Kompensatorische Mechanismen in CD44-defizienten Mäusen.
Zusammenfassung
CD44 ist eine Familie transmembraner Glycoproteine, denen eine Rolle bei verschiedenen physiologischen und pathologischen Prozessen, wie zum Beispiel bei der Embryonalentwicklung, der Hämatopoese, in der Immunantwort, bei Tumorwachstum und der Bildung von Metastasen zugeschrieben wurde. Interessanterweise zeigen Mäuse, bei denen alle Isoformen von CD44 durch gezielte Mutagenese ausgeschaltet worden sind, keine offensichtlichen embryonalen oder immunologischen Abnormalitäten; lediglich ein geringfügiger Defekt in der Hämatopoese wurde beobachtet (Schmits et al., 1997). Daraus wurde geschlussfolgert, dass Mäuse, bei denen CD44 genetisch defekt ist, einen kompensatorischen Mechanismus benutzen, der einen funktionellen Ausgleich schafft. Das Ziel der vorliegenden Arbeit war es, die Veränderungen zu untersuchen, die in CD44-defekten Mäusen für den Mangel an CD44 kompensieren. Die Suche nach einem kompensatorischen Molekül basierte auf den Bindungseigenschaften von CD44 für spezifische Liganden, die potenzielle CD44-substituierende Moleküle definieren könnten.

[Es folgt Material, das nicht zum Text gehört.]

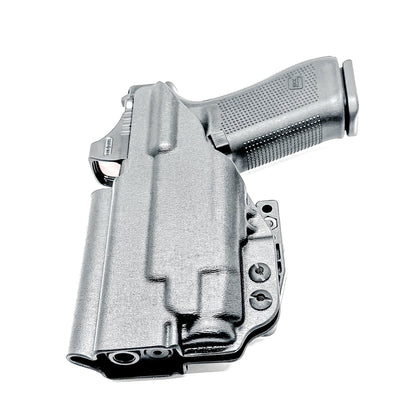 Glock 45 TLR-7 IWB Holster for concealed carry. Durable Inside Waistband holster fits Glock 45 Gen 5, Gen 6, Gen V with TLR-7 A or TLR-7 X. 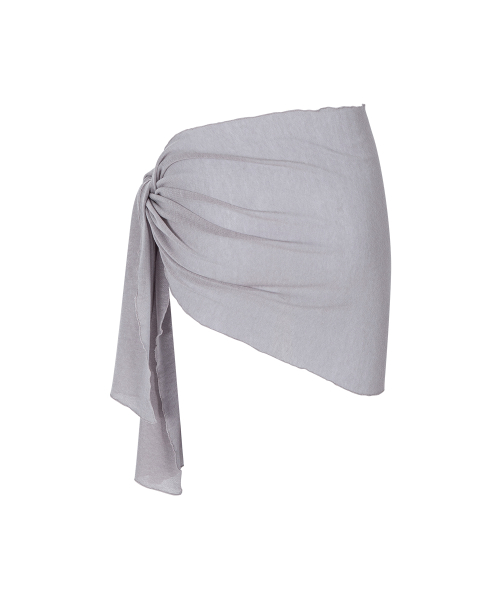 Nua Sheer Multi Scarf (Ash Beige)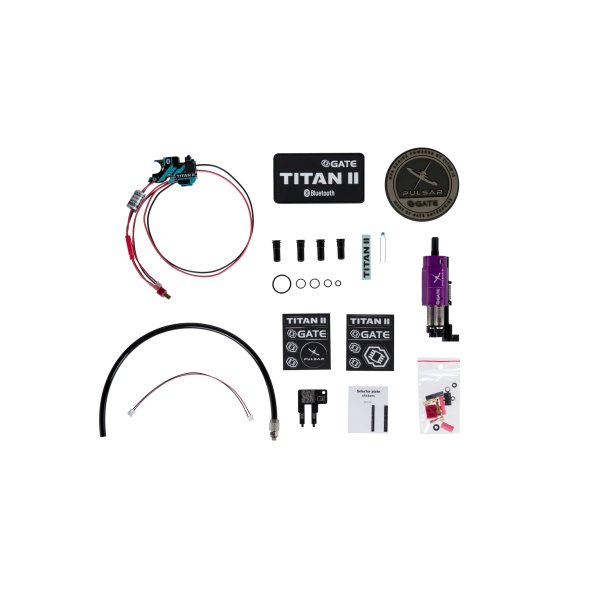 asgbox.pl - Silnik HPA GATE PULSAR D wraz układem TITAN II Bluetooth® (Rear Wired)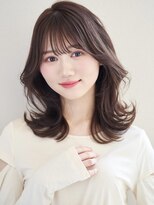 ミンクス渋谷スマートサロン(MINX shibuya smart salon)&nbsp;切りっぱなしボブ エアリーロング 美髪 ピンクブラウン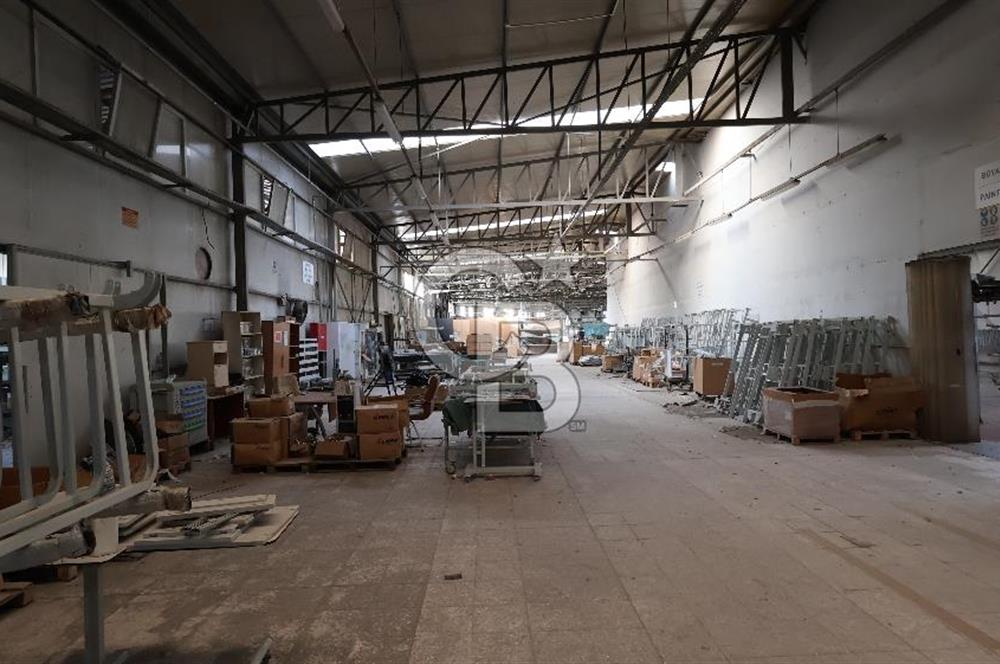 Gaziemir Dokuz Eylül Mh. Sarnıç Yolu 5682 m2 arsa; 4200 m2 Fabrika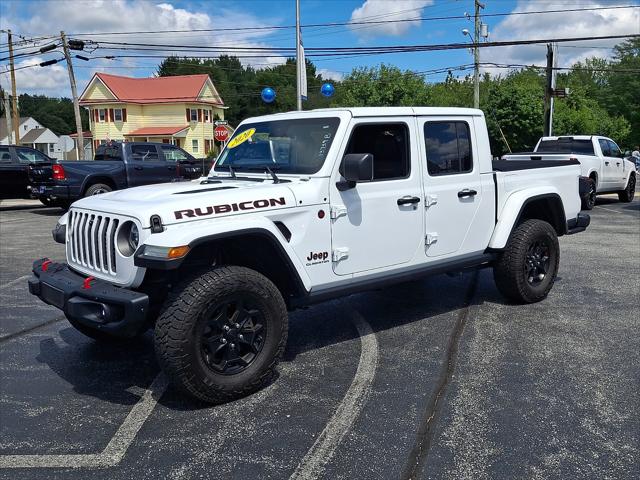 2020 Jeep Gladiator Rubicon 4x4 2020 Jeep Gladiator Rubicon 4x4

Da Hyaluronsäure als einer der Hauptliganden fur CD44 bekannt ist, wurde die Hyaluronsäure-Bindekapazität von verschiedenen primären Mauszellinien untersucht: Primäre, embryonale Fibroblasten von Wildtyp-Mäusen banden weder an lösliche noch an immobilisierte Hyaluronsäure, solange sie nicht in geringer Dichte kultiviert wurden. Sowohl die Stärke der CD44-Expression als auch die CD44-abhängige Hyaluronsäure-Bindung durch embryonale Fibroblasten von Wildtyp-Mäusen verhielt sich umgekehrt proportional zur Zelldichte. Im Gegensatz zum Wildtyp hatten embryonale Fibroblasten von CD44-defekten Mäusen überhaupt keine messbare Affinität zu Hyaluronsäure, ganz gleich unter welchen Bedingungen oder welcher Dichte sie kultiviert worden waren. Auch onkogene Transformation stimulierte die Hyaluronsäure-Bindung von embryonalen Fibroblasten nicht. Von den anderen untersuchten Zellinien banden ruhende und Thioglykolat-induzierte peritoneale Makrophagen der Wildtyp-Mäuse an Hyaluronsäure. Allerdings war diese Affinität CD44-unabhängig, da sie nicht durch den Antikörper KM81 blockiert wurde, der mit der Bindung von CD44 an Hyaluronsäure interferiert. Die bereits beschriebene CD44-abhängige Hyaluronsäure-Bindung von Interleukin 5-stimulierten B-Zellen aus DBA/2-Mäusen (Murakami et al., 1990) war offenbar spezifisch für diesen Stamm. Dieser Befund machte es unmöglich, nach kompensatorischen Molekülen in B-Zellen zu suchen, denn die CD44 defekten Mäuse gehören der C57Bl6/J-Linie an, die diese Affinität nicht zeigt. T-Zellen, die aus Lymphknoten von C57Bl6/J und Balb/c Mäusen isoliert worden waren, entwickelten nach Stimulation mit einem Anti-CD3 Antikörper eine Subpopulation von Zellen, die CD44-abhängig an Hyaluronsäure banden. Im Gegensatz dazu entwickelten T-Zellen aus Lymphknoten von CD44-defekten C57Bl6/J-Mäusen keine Subpopulation, die eine CD-3-vermittelte Affinität zu Hyaluronsäure aufwies.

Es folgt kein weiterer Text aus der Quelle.